Democrat Sen. Joe Manchin reportedly dished out copies of a proposal that he presented to Senate Majority Leader Chuck Schumer about the congressional budget resolution to his Democrat colleagues in the Senate this week “to underscore that he has outlined his red lines on President Joe Biden’s jobs and families plan” and defend his decision to stifle the White House’s spending agenda.
In a document obtained by Politico, Manchin outlined his conditions for joining the Democrats in passing the White House’s pricey spending plan.
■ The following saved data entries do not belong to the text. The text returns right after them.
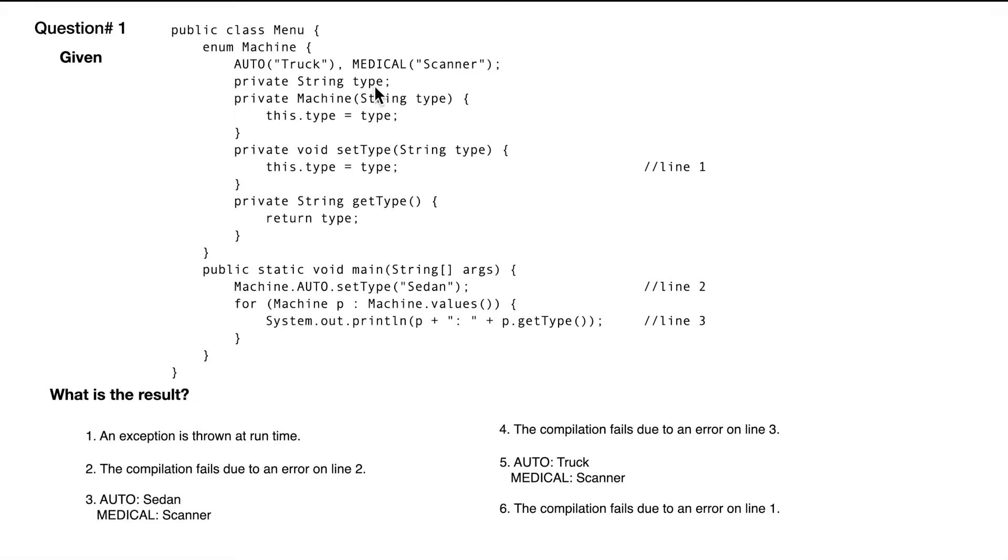There is a string type. Auto has a truck, medical has a scanner. And then this is a constructor, setter, and getter of the type.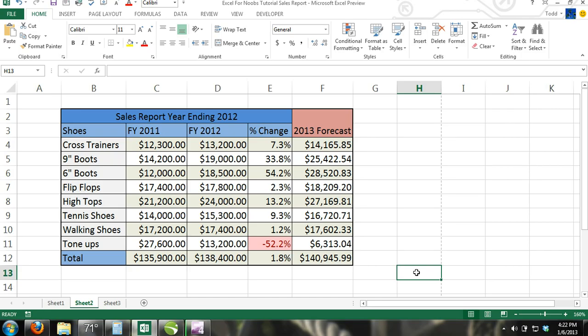There are different ways to insert charts in Excel. The most common way is to select the data range and then pick the type of chart that best represents your data. Let's do an example.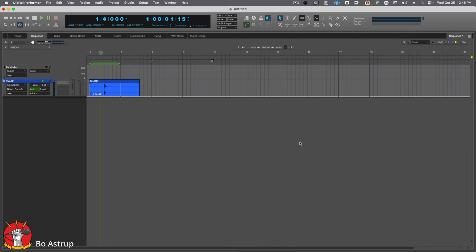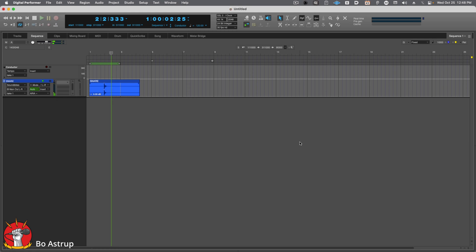But let's try it out. It's insanely cool. Here I have a snare. Let's insert Pro R2.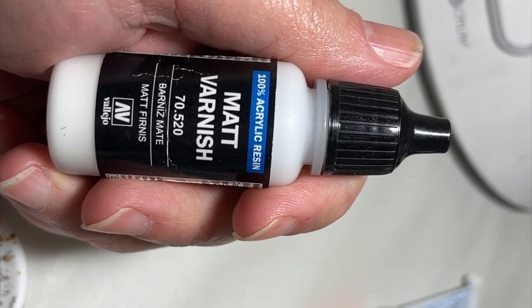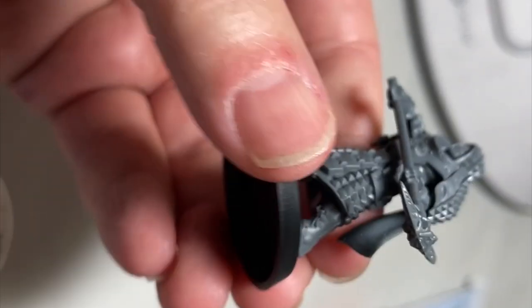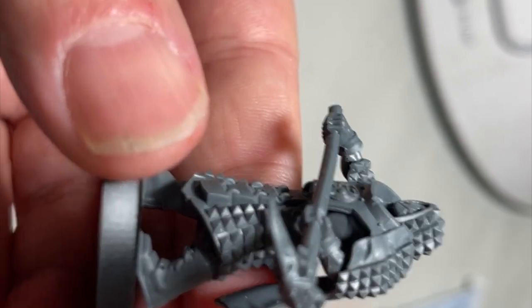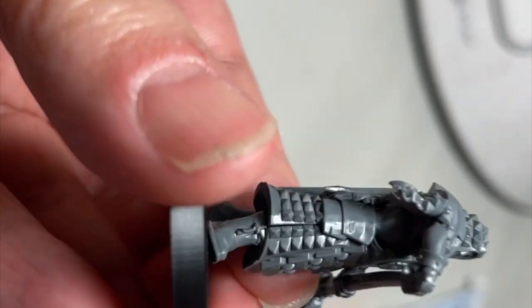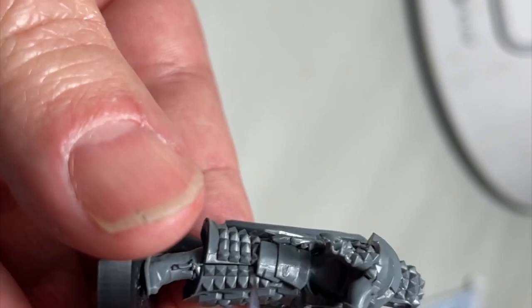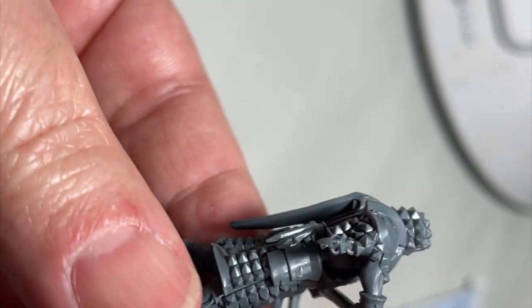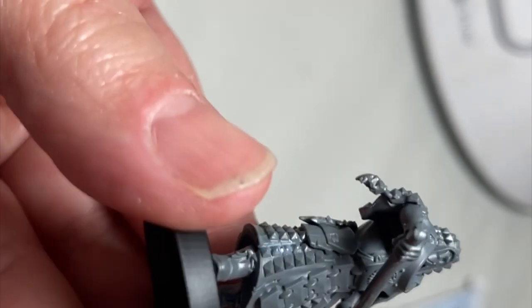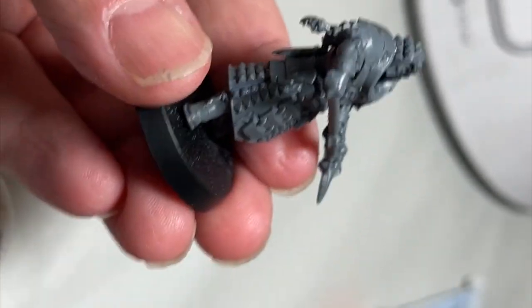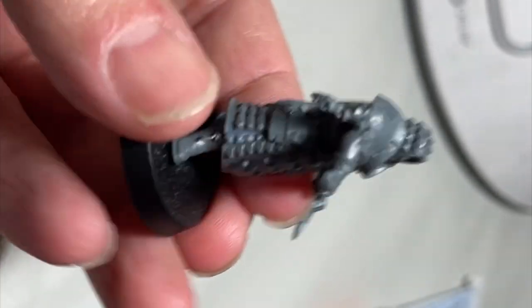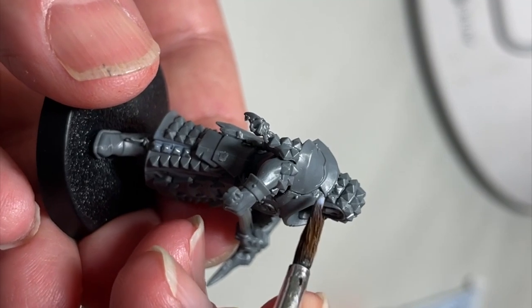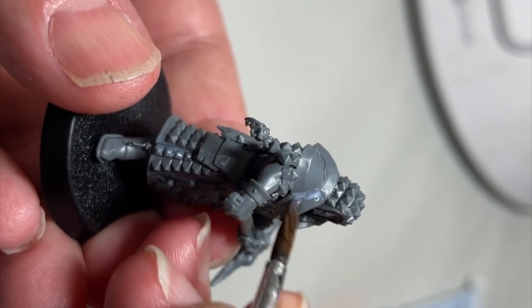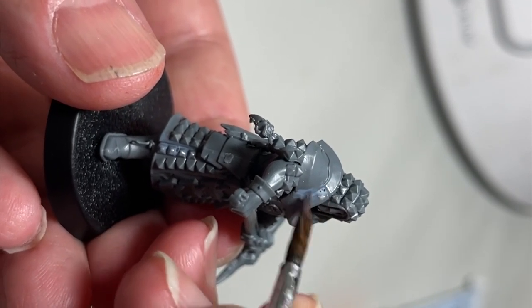Welcome to Selnar's Miniatures. Today I'm going to be going over prep work prior to painting a miniature, but after putting the miniature together. As you saw in the beginning of the video, I showed Vallejo matte varnish, and that's what we're going to start with today.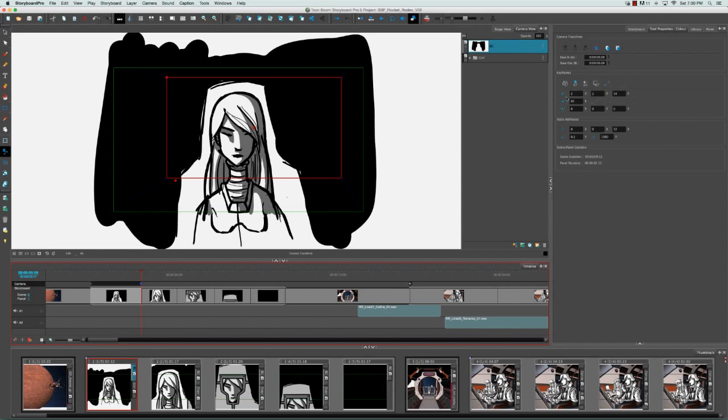Instead of recreating this entire camera movement for another panel, we can copy these keyframes quickly and paste them on another panel. With this panel selected—it's selected just by having the playhead somewhere on this panel—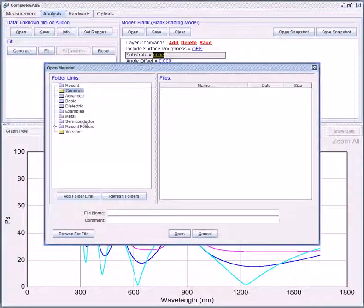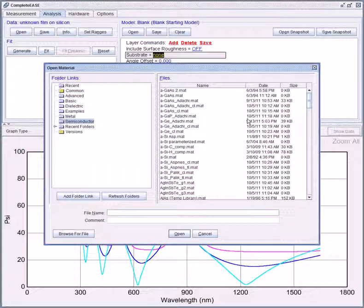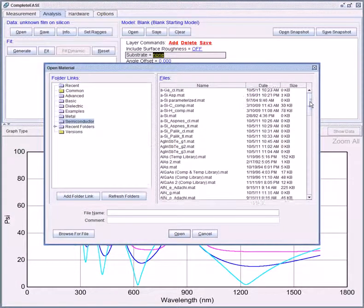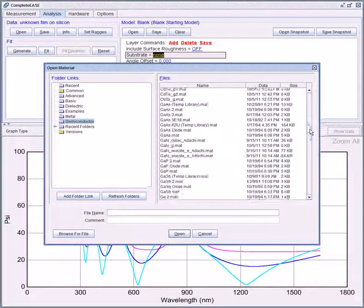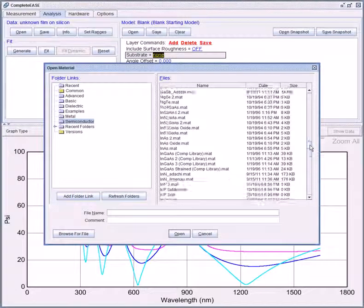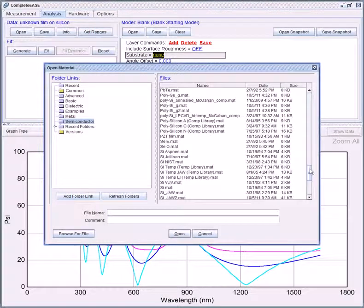In the semiconductor folder you will find various material files for silicon. We usually recommend SI underscore JAW.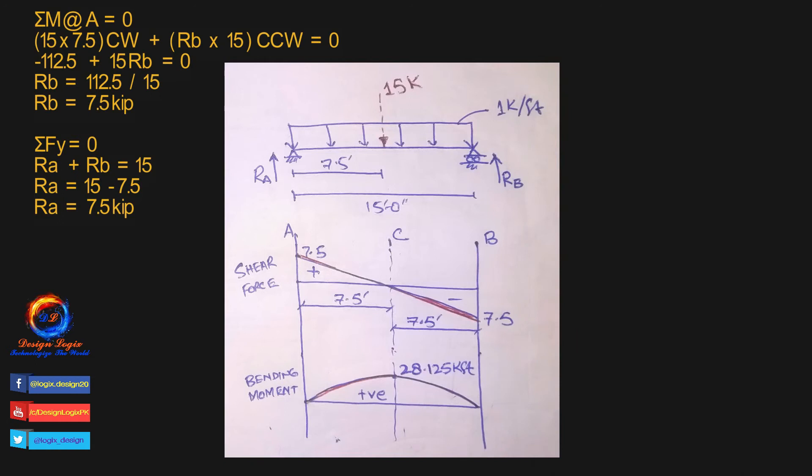This is shear force and bending moment diagram. For shear force diagram, we have 7.5 kip reaction force at joint A, so shear force will be 7.5 kip at joint A. Then UDL resultant of 15 kip produces linear shear force in downward direction, so at joint B it will be 7.5 minus 15 equals minus 7.5 kip, and there is 7.5 kip reaction force at joint B acting upward direction to make shear force to zero.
The first requirement states that the bill cannot exceed his topline spending ceiling of $1.5 trillion and requests that debate on the reconciliation package begin no later than Oct. 1. Manchin authored the document in July shortly before the Senate passed a $1 trillion bipartisan infrastructure bill.
“Senator Manchin does not guarantee that he will vote for the final reconciliation legislation if it exceeds the conditions outlined in this agreement,” the document states in bolded text.
Senate Majority Leader Chuck Schumer appears to have signed the page and added a note that he would “try to dissuade Joe on many of these.” A vast majority of the requirements laid out by Manchin and viewed by Schumer, however, were overlooked in the Democrats’ audacious plan which costs far more than the swing senator’s initial maximum.
Schumer’s office denied that he agreed to the conditions and simply claimed that his signature solidified “that he would work to convince Sen. Manchin to support a final reconciliation bill — as he has doing been for weeks.”
“Leader Schumer never agreed to any of the conditions Sen. Manchin laid out; he merely acknowledged where Sen. Manchin was on the subject at the time,” a Schumer spokesperson told Politico.
Manchin is a prime target for congressional Democrats and the White House to use as another vote to pass their massive proposals. Schumer’s unwillingness to honor Manchin’s previous demands, however, could push the Democrat senator to side with Republicans who want to keep the legislation from passing via budget reconciliation.
“I wasn’t trying to be a fly in the ointment at all. I’ve never been. I’ve never been a liberal in any way shape or form,” Manchin said. “For them to get theirs, I guess elect more liberals. I’m not asking them to change.”
“I’m willing to come from zero to $1.5” trillion, he added, referring to claims from the White House and House Speaker Nancy Pelosi that the $3.5 trillion plan — which some estimate will cost over $5 trillion over the course of a decade — will cost “zero” dollars.